Arcane e il taciuto abisso del trauma

Se c’è una cosa che ho imparato dagli innumerevoli scambi d’opinione fra amici è che risulta molto più semplice parlare di qualcosa, sia essa un libro, un film o una serie, che non ci ha entusiasmato, rispetto a un prodotto per cui proviamo una certa reverenza. Il tutto si complica quando il “qualcosa” di cui si intende dialogare concerne Arcane, serie da poco sbarcata su Netflix: un’opera che in sé racchiude un universo di tematiche ampissimo, condite da un’animazione magistrale e un character design esemplare. La ragione, quindi, per cui intendo scrivere di questa perla dell’intrattenimento riguarda la sua capacità di illustrare le modalità secondo cui un evento traumatico sappia plasmare la personalità di chi se ne ritrova perseguitato.

Tra i protagonisti di Arcane vi è Powder: una bambina dolce, vittima di una mal celata goffaggine e alla ricerca continua di affetto da parte della sorella, Violet. Da un giorno all’altro, tuttavia, un evento catastrofico decreta la trasformazione del personaggio, il quale si ritrova a vestire i panni di una ragazza violenta, aggressiva, a tratti brutale, incapace di far fronte al dolore di cui la sua interiorità è imbevuta. Non ci si mette molto a intuire l’intento (uno dei tanti, ciononostante il principale) della serie: mostrare come una bambina, la cui dote massima consiste in una genuina fiducia nelle persone che la circondano, possa trasformarsi nella negazione di se stessa.
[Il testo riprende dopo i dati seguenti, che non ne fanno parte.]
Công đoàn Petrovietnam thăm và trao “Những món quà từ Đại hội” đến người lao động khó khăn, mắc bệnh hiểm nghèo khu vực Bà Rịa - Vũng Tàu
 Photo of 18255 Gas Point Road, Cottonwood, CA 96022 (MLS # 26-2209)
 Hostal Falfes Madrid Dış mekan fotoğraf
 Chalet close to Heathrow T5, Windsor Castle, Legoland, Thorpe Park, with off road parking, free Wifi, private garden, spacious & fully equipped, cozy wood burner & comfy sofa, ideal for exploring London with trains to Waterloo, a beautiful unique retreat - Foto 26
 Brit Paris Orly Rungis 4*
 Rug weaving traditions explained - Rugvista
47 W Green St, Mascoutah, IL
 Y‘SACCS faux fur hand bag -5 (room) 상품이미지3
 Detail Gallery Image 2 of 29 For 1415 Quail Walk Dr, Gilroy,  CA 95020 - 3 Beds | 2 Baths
Powder è cresciuta come poteva con quello che aveva, facendo della sopraffazione il balsamo con il quale curare le proprie ferite. Così come vediamo fiori e piante germogliare su strade foderate d’asfalto, allo stesso modo assistiamo giornalmente al mutare delle peculiarità di ognuno, in virtù o a sfavore del contesto che via via gli si costruisce intorno. Noi non coincidiamo (e soprattutto non ci esauriamo) con l’evento della nascita, ma veniamo modellati dagli episodi e dalle reazioni che decidiamo di manifestare, consciamente o non, rispetto a essi. Negoziamo un posto nel mondo ritenuto adatto all’immagine che abbiamo di noi stessi. Powder, doppiamente abbandonata (prima dai genitori, poi dalla sorella), non può fare a meno di erigere intorno a sé un muro fatto di violenza, depositario di due scopi: ricordare a se stessa la propria natura di bambina cattiva (come si è sempre considerata), e pugnalare la realtà sordida e squallida che si è trovata a dover subire. Nella mia, seppur breve, carriera da educatore, ho fatto in tempo a interfacciarmi con molti bambini, alcuni dei quali mostravano i segni di un’acuta sofferenza, che ne condizionava in modo consistente l’agire, portandoli a comportarsi di riflesso al disordine emotivo in loro vigente. Bambini i cui occhi (avevano altri mezzi?) nascondevano un’apatia dolorosamente schietta.

Non si è sempre in grado di scegliere chi diventare, specialmente quando ci si ritrova ostaggi di un mondo le cui regole ci paiono corrotte e ingiuste. È necessario, pertanto, comprendere che il bambino che siamo stati ha usato tutto ciò che era in suo possesso per crescere integro, e armarsi di quella compassione (intesa nella sua accezione arcaica di “sentire con…”) essenziale a vedere in ciascuno un individuo che, almeno in passato, ha fatto del suo meglio.

Sono infinitamente grato agli sceneggiatori di Arcane per aver dato vita a un’opera capace di rivelare quanto la nostra voce sia in realtà costituita dalla somma di migliaia di echi che riverberano simultaneamente.